3.中国のグリーン政府木材調達の進展
ザ・ネイチャー・コンサーバシー(TNC)グリーン木材と持続可能な森林経営
プロジェクトマネージャー 陳 暁倩(チェン・シャオチェン)
プロジェクトマネージャー 陳 暁倩(チェン・シャオチェン)
世界、とくにインドネシアやブラジル、コンゴ流域地域、パプアニューギニア、ロシア、カンボジアなどの違法伐採とそれに関連する貿易は、深刻な社会的対立や暴力をもたらし、各国政府は何十億ドルもの税収を失い(年間50~100億米ドル)、さらに森林や生物多様性を保護する取り組みに多大な損害を与える要因となっている。
森林認証などの問題を解決するために利用できるさまざまな市場手段や木材の出所の加工・流通過程の管理を明確にするための民間セクターの取り組み以外に、政府の取り組みもまた市場活動を促進するために必要かつ重要な役割を担っている。
「政府木材調達政策」は、1990年代後半に有効な違法伐採対策として英国やデンマーク、オランダなどの欧州諸国だけでなく日本やニュージーランドなどの木材消費国政府によって導入されている。一般的に政府木材調達は、合法かつ持続可能な出所の林産品を購入することと定義される。「合法性」と「持続可能性」を測るための具体的な基準というのは国によって異なるが、多くの国では森林認証制度が採用されている。
合法性や持続可能性は政府調達のこれからの課題
1998年に国内全土で天然林の伐採が禁止されて以来、中国の近隣諸国からの木材製品の輸入は著しく増加している。中国は今や世界第2位の林産品の輸入国であり、世界最大の丸太および熱帯材の輸入国である。そしてここ数年、国内の政府機関は重要な林産品の消費者となっている。
中国の政府調達システムは20世紀後半に、改革・開放政策の実施に伴い、確立・発展した。「政府調達法」は2003年に施行された。2006年から始まった政府調達法の改訂作業は現在も続いている。林産品は政府調達全体のごく一部であり、この改訂の優先対象ではない。そして「グリーン」という概念は主に家具や床板、合板などの林産品に使われる接着剤や塗料からの汚染物質の排出削減を目的としている。

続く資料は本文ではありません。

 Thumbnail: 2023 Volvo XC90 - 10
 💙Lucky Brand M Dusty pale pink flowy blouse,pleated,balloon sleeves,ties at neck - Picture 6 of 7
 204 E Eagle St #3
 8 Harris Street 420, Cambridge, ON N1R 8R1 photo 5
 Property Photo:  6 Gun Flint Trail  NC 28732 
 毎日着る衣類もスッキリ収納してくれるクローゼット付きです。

国家環境保護総局(SEPA)は財政部と合同で、環境ラベルを推進するための家具、床板、木質パネル産業に対して環境保護に関する業界基準を策定した。例えば家具や建具の場合、環境ラベルには・木材含有量が全重量の10%の場合、その木材はFSC認証を受けているものを除き保護されている天然林や希少樹種のものであってはならない・木質ボードは「環境ラベル製品に関する技術要件:人工木質のボード及び製品(HBC17-2003)」の関連する基準に従わなければならない――が要件として求められる
環境ラベルの技術的基準を採用することにより、これまでに家具企業24社、床板企業78社、木質パネル企業51社が政府調達における推奨サプライヤーとして「グリーン企業リスト」に掲載されている。しかし前述のように、中国での「グリーン」の概念は、英国やその他の国とは大きく異なる。中国は木材の合法性や持続可能性の立証よりも木材製品に使われる接着剤や塗料の毒性に関心がある。そのため、中国がサプライヤーに対し木材の出所の確認を求めるような拡大した概念を木材調達政策に導入するにはまだ時間がかかる。

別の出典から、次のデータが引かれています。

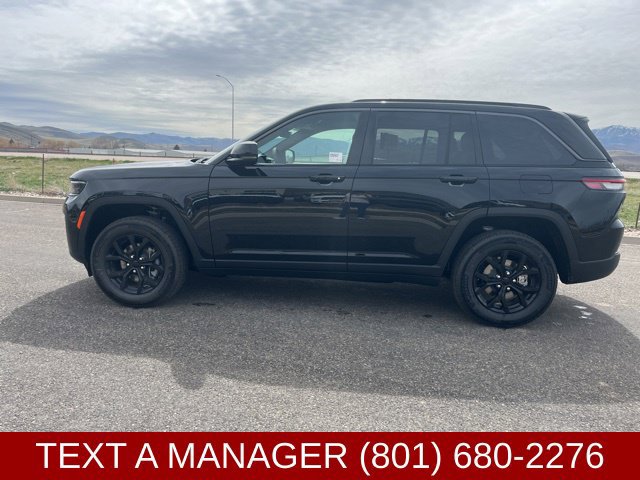 New 2026 Jeep Grand Cherokee Altitude AWD/4WD image 7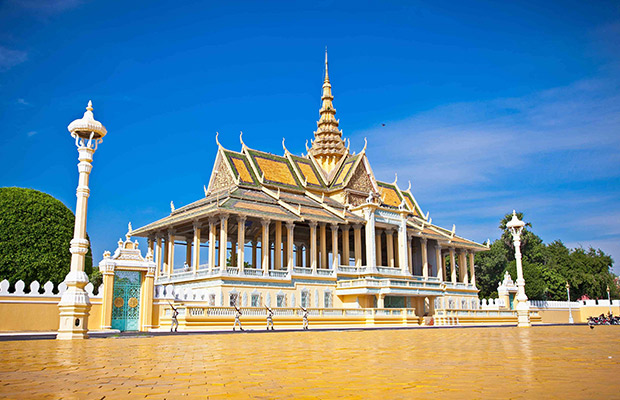 8-Day: Private Tour with Angkor Wat, Phnom Penh & Sihanoukville Islands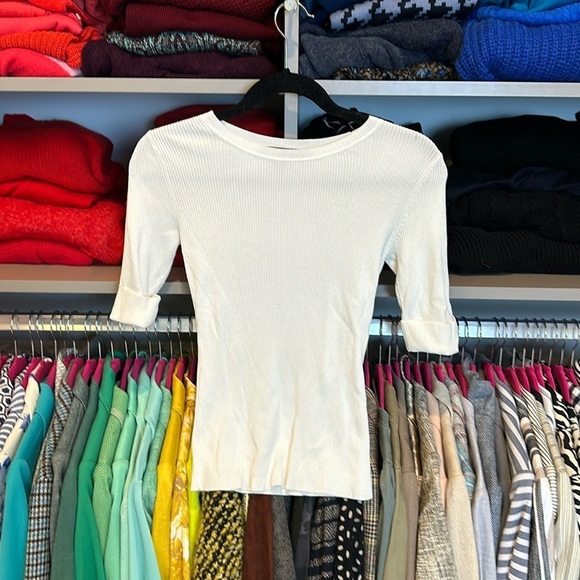 White House Black Market Tops - WHBM white short sleeve scoop neck top size XS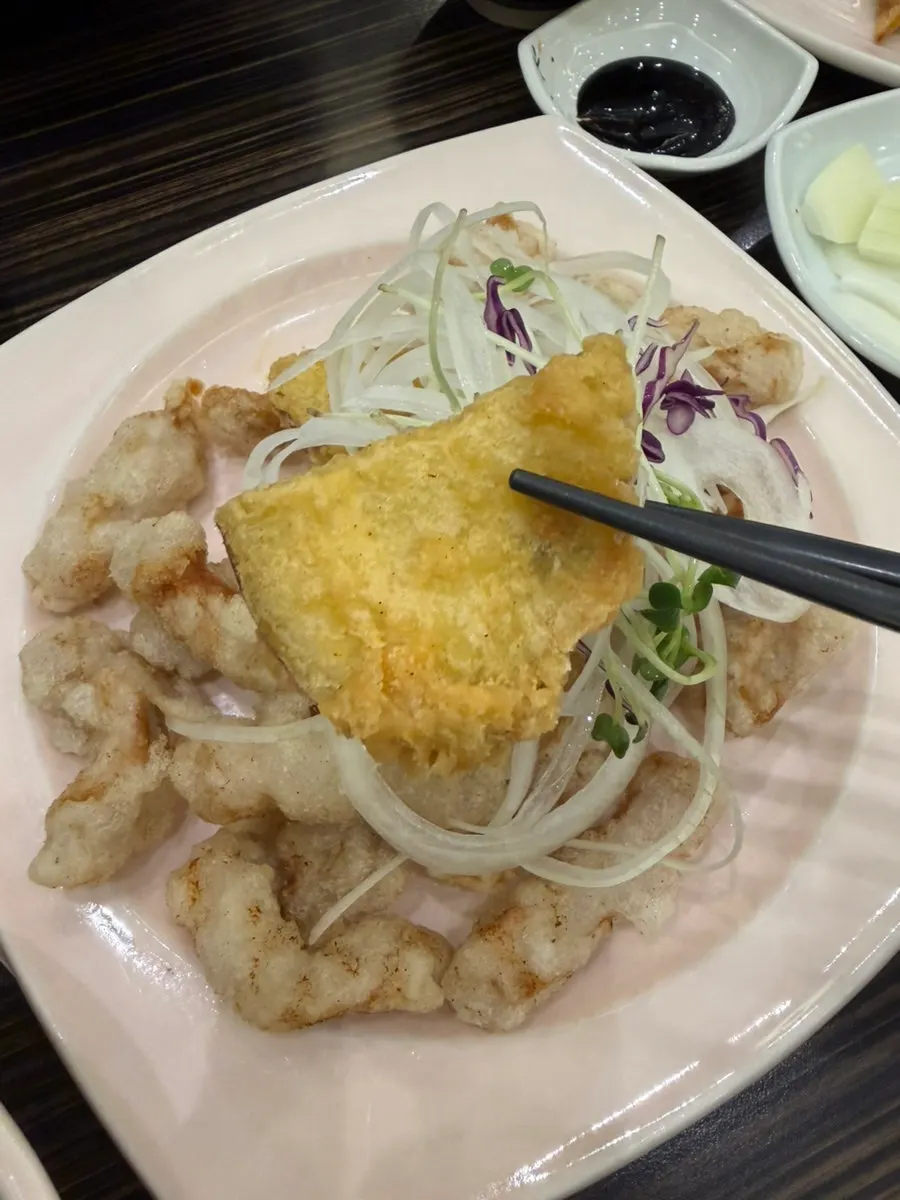 酢豚と一緒に出てきたさつまいもの揚げ物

中国における森林認証の取得数はここ数年急速に増えている。これまでのところ80万haの森林がFSCの森林認証を受け、約350社の企業がFSCのCOC認証を受けている。また、中国は2007年10月1日に国家森林認証スキームを発表した。しかし、森林認証は主にビジネスセクターに求められるものであり、国内の木材調達政策に含まれているわけではない。
NGOの取り組み
多くの国際環境NGOは、関連する政府機関や企業を含むステークホルダーとともに、積極的に違法伐採と関連する貿易に関する問題に取り組んできた。

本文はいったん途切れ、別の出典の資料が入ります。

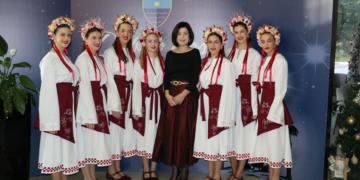 Etno skupina Didak svojim pjevanjem uveličala tradicionalni božićno-novogodišnji prijam Vlade HNŽ-a u Mostaru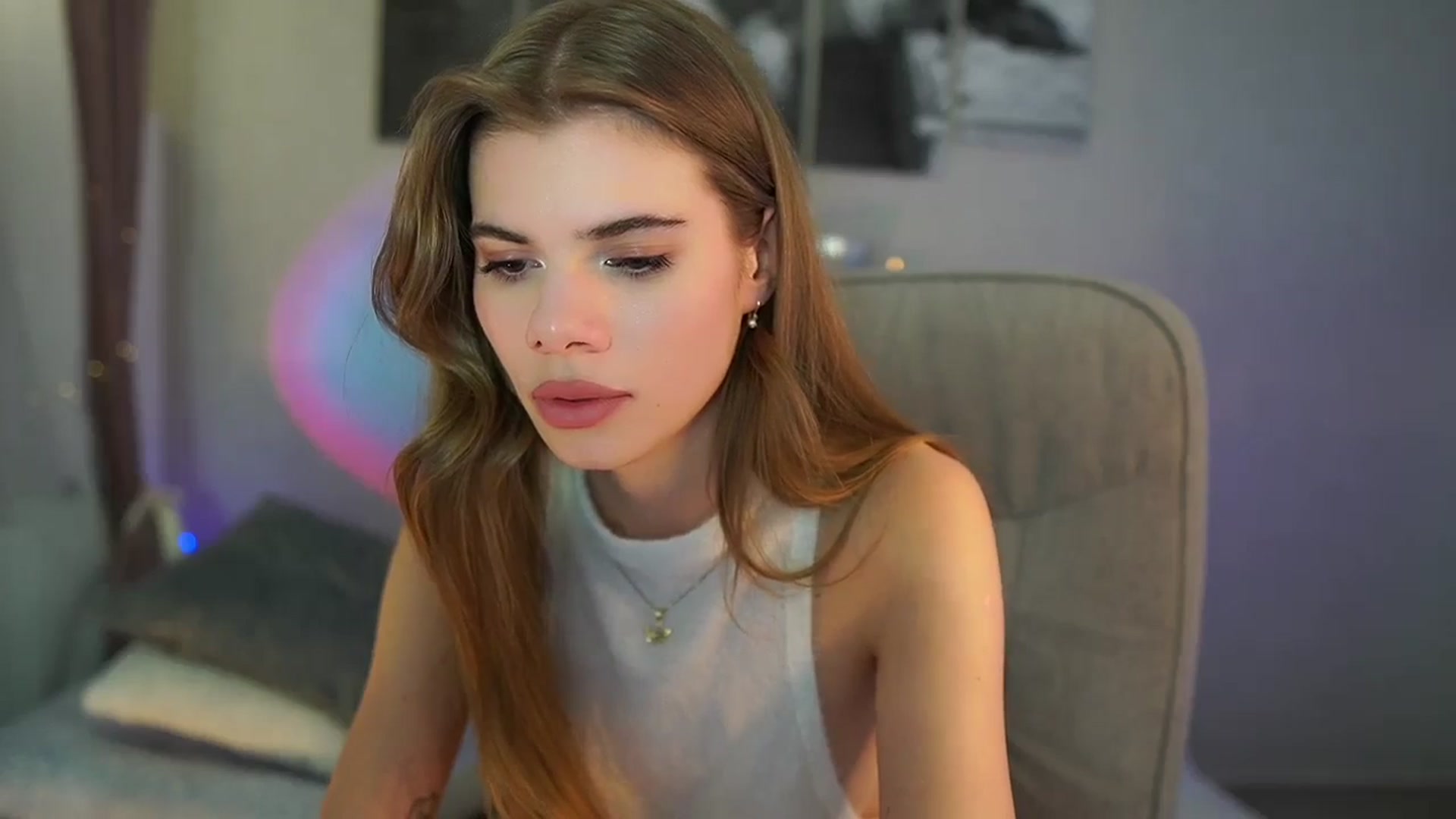 Gallery image thumbnail from RileyReid_18's myfreecams stream on, 05/14/2024, 15:41 image 9 of 20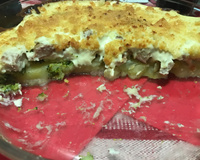 Brócolis com batata e pernil suíno gratinado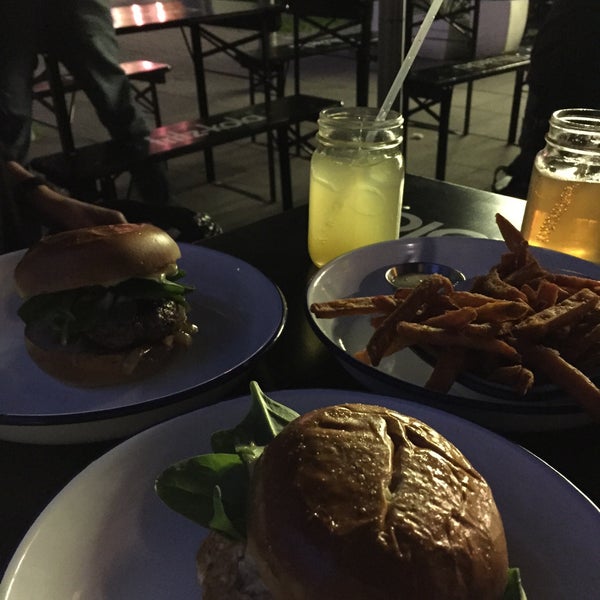 7/24/2015にMaximilian H.がOtto&#39;s Burgerで撮った写真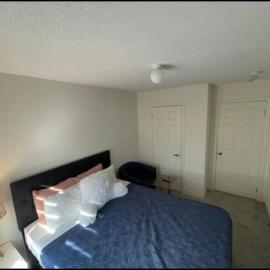 Budget Friendly Home – hotel w mieście Oshawa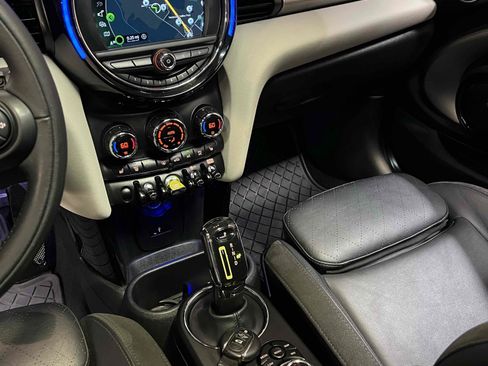 Used 2021 MINI Cooper SE w/ 6.5" Touchscreen Package FWD image 19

ザ・ネイチャー・コンサーバンシー(TNC)の「グリーン木材と持続可能な森林経営プロジェクト」は中国に輸入される疑わしい木材を削減し、合法で信頼できる国内の森林資源からの供給を増やすことを目的としている。熱帯林トラスト(TFT)は企業が木材の合法性を立証するための合法性証明システムとラベリングシステムを開発した。また、世界自然保護基金(WWF)とCFTN(中国森林と貿易ネットワーク)は中国におけるFSC認証を推進し、信頼できる木材の購入と取引を仲介する「CFTNネットワーク」を設立した。フォレスト・トレンドは中国の国際的な木材貿易に関する調査を行い、グリーンピース中国は違法な木材貿易の現状を突き止めるいくつかのレポートを発表している。トラフィックは中国における木材の合法基準を策定し、税関に対し研修資料を提供している。
NGOはこれまで政府調達分野ではあまり活動をしていない。北京林業大学による二つの研究が行われているだけだ。これは2007年にTNCの助成を受けた「中国林産品に関するグリーン政府調達政策の採用に関するコストベネフィット分析」と「中国と先進国との間の林産品に関する政府調達政策に関する比較調査」である。
政府木材調達政策をさらに推進するには
「グリーン」に関する異なる理解や、異なる制度、中国国内の現在の特殊事情を考えれば、木材の合法性に関する要件を具体化する政府木材調達を採用するまでのプロセスで、検討すべきことは以下のような点である。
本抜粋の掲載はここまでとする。